* Records supplied *

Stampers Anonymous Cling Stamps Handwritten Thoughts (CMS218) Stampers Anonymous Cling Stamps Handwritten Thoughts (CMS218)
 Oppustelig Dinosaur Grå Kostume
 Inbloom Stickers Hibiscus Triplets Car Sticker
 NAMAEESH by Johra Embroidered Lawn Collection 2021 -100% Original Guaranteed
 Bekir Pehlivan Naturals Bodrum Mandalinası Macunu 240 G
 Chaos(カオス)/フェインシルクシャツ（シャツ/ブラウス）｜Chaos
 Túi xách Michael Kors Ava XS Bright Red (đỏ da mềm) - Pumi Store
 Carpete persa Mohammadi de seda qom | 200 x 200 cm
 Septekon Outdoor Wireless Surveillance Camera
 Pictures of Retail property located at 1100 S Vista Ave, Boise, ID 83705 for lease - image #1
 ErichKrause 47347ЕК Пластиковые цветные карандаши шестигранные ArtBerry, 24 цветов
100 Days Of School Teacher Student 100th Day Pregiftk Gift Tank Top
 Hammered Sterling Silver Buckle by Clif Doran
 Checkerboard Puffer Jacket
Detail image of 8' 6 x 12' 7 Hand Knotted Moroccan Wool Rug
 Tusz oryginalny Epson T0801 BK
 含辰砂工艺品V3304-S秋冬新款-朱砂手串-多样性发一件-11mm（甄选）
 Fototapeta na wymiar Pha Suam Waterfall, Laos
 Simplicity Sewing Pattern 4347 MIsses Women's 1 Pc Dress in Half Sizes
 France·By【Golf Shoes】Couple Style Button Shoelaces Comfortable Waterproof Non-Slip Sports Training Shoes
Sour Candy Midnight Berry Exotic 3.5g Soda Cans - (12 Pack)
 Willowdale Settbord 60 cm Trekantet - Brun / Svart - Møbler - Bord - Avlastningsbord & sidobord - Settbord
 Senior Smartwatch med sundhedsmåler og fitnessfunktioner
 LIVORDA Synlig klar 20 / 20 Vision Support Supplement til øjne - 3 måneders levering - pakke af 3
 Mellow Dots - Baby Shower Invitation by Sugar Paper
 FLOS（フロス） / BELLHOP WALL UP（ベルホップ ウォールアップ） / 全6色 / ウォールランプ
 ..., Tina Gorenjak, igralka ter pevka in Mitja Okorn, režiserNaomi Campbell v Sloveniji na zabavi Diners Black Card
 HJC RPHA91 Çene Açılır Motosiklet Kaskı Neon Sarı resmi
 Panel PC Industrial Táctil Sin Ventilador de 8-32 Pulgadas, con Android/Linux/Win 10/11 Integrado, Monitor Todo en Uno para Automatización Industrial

* The task *
Please write out, exactly as they appear above, only the lines in the stretch from the line with "Simplicity Sewing Pattern" through the line with "LIVORDA Synlig klar".

* Solution for this exercise *
 Simplicity Sewing Pattern 4347 MIsses Women's 1 Pc Dress in Half Sizes
 France·By【Golf Shoes】Couple Style Button Shoelaces Comfortable Waterproof Non-Slip Sports Training Shoes
Sour Candy Midnight Berry Exotic 3.5g Soda Cans - (12 Pack)
 Willowdale Settbord 60 cm Trekantet - Brun / Svart - Møbler - Bord - Avlastningsbord & sidobord - Settbord
 Senior Smartwatch med sundhedsmåler og fitnessfunktioner
 LIVORDA Synlig klar 20 / 20 Vision Support Supplement til øjne - 3 måneders levering - pakke af 3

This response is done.